*Data*:
----
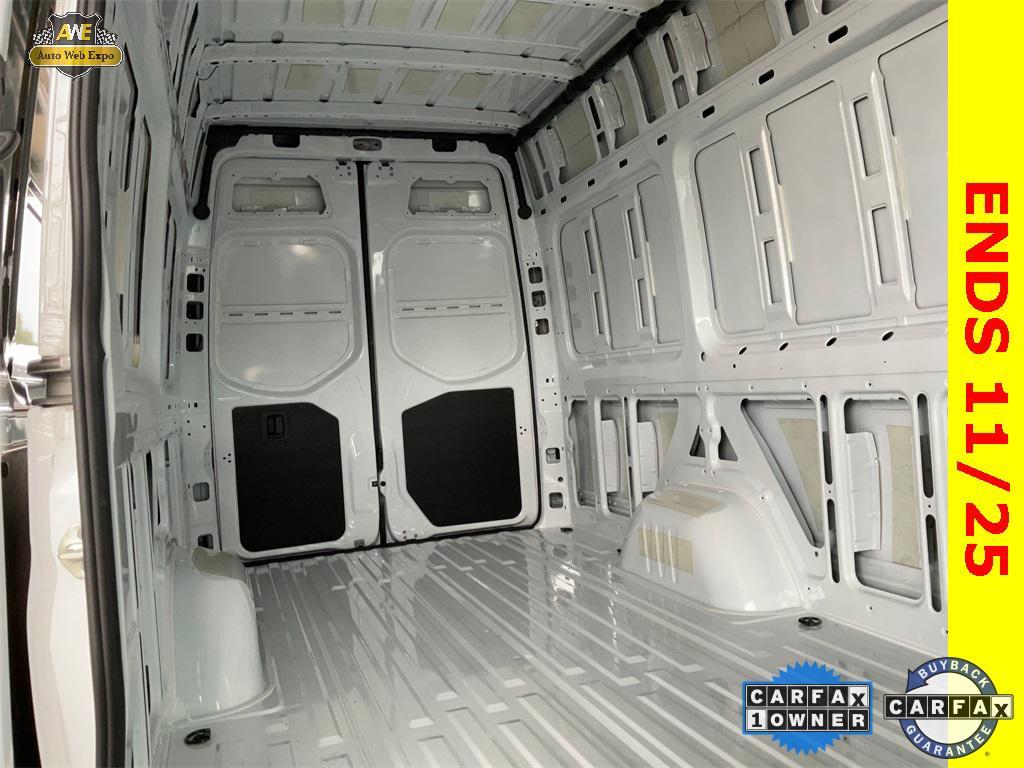 used 2023 Mercedes-Benz Sprinter 2500 car, priced at $49,999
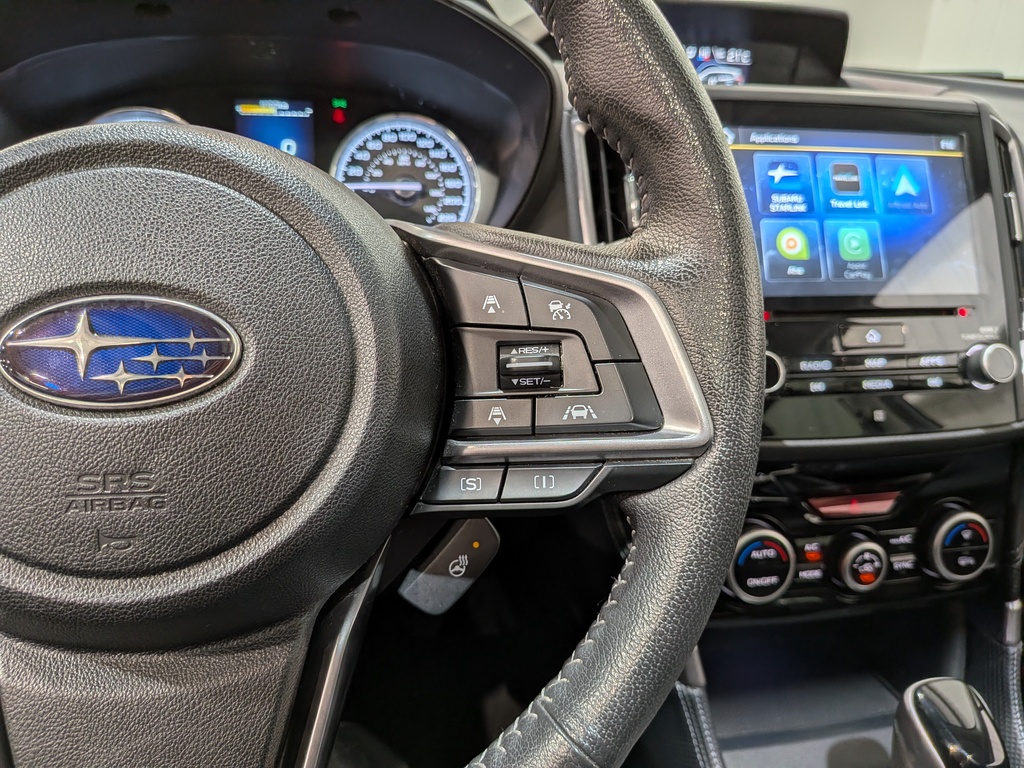 Subaru Forester 2019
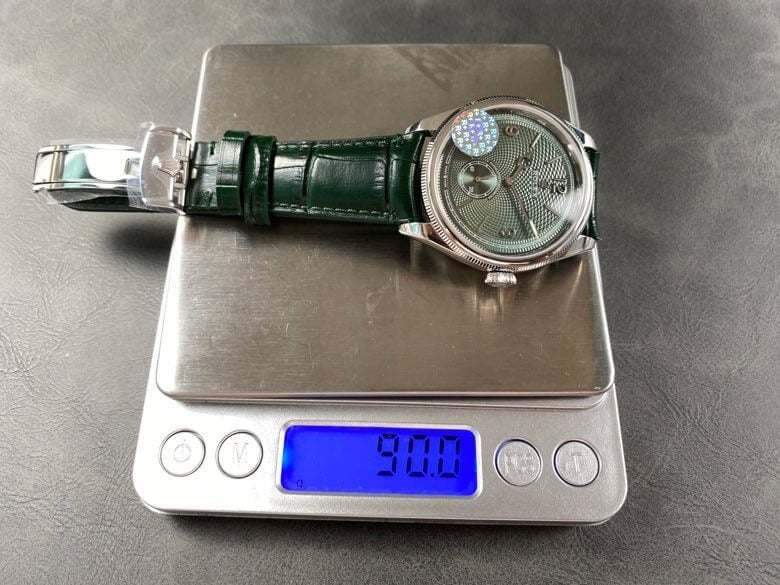 Rolex Geneve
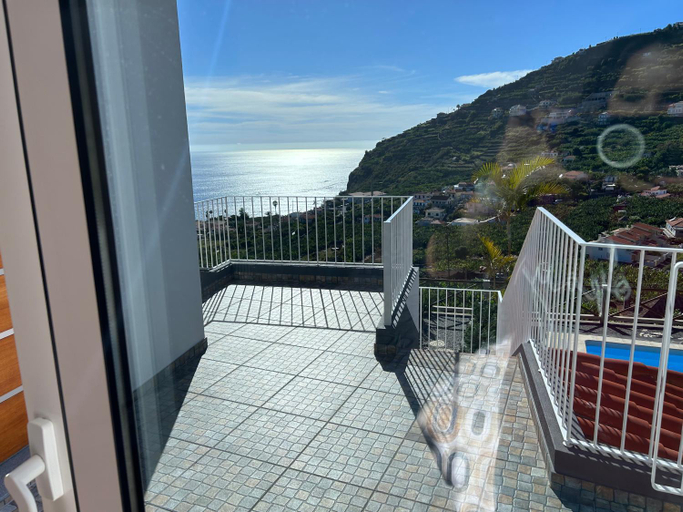 Others 2, Tropical Garden, Calheta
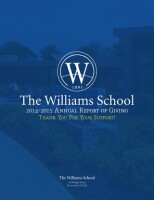 The williams school
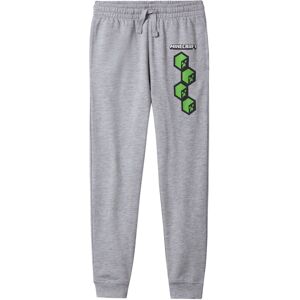 Lidl Minecraft Kinder joggingbroek (Grijs, 110/116) Lidl Minecraft Kinder joggingbroek (Grijs, 110/116)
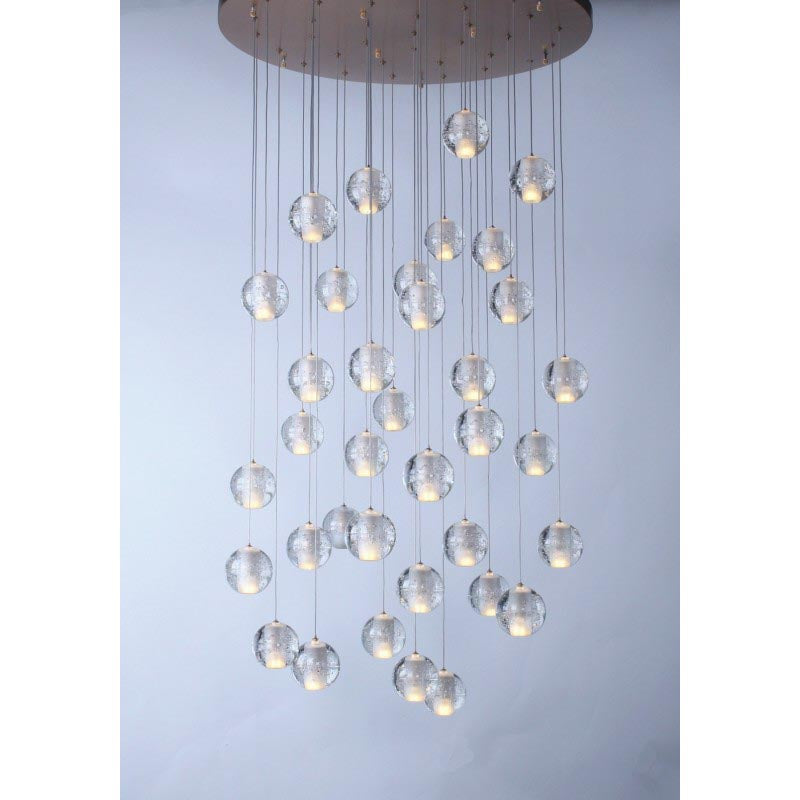AM6808 BOCCI SHOWER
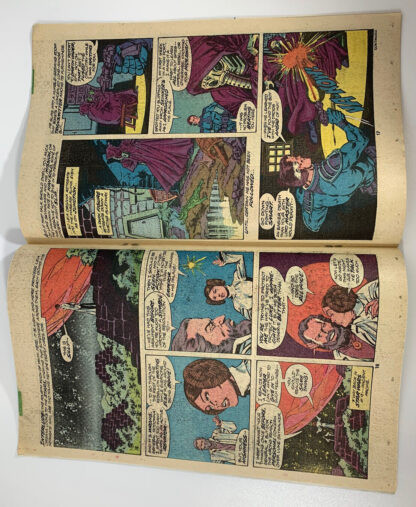 Star Wars #27 (1979) - Image 4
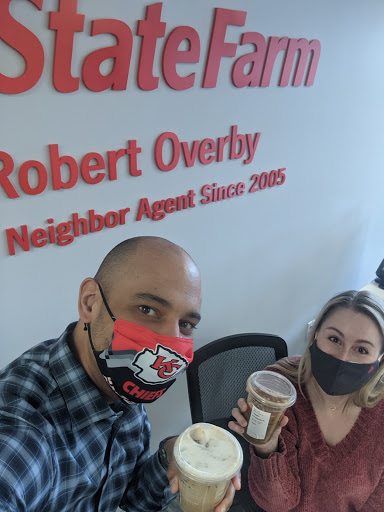 Insurance Agency «Robert Overby - State Farm Insurance», reviews and photos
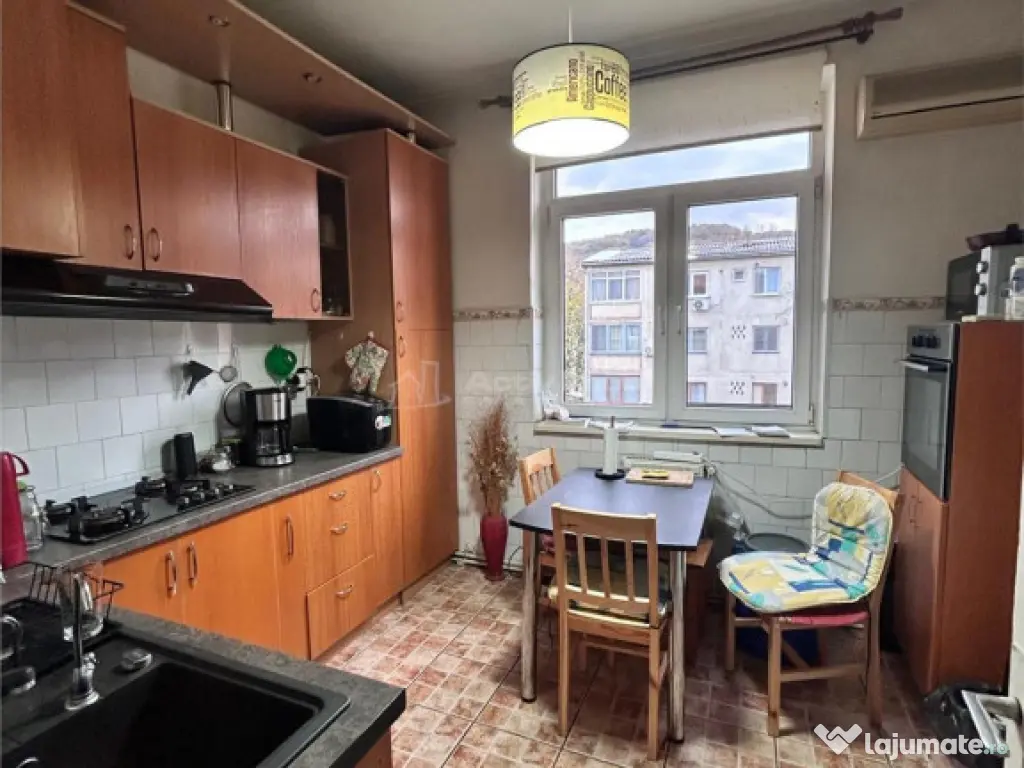 Resita, 3 Cam.Conf.1 sporit, Decom. Lunca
----
With pictures excluded, the data must be transcribed in full and to the letter.

*Reply*:
 used 2023 Mercedes-Benz Sprinter 2500 car, priced at $49,999
 Subaru Forester 2019
 Rolex Geneve
 Others 2, Tropical Garden, Calheta
 The williams school
 Lidl Minecraft Kinder joggingbroek (Grijs, 110/116) Lidl Minecraft Kinder joggingbroek (Grijs, 110/116)
AM6808 BOCCI SHOWER
 Star Wars #27 (1979) - Image 4
 Insurance Agency «Robert Overby - State Farm Insurance», reviews and photos
 Resita, 3 Cam.Conf.1 sporit, Decom. Lunca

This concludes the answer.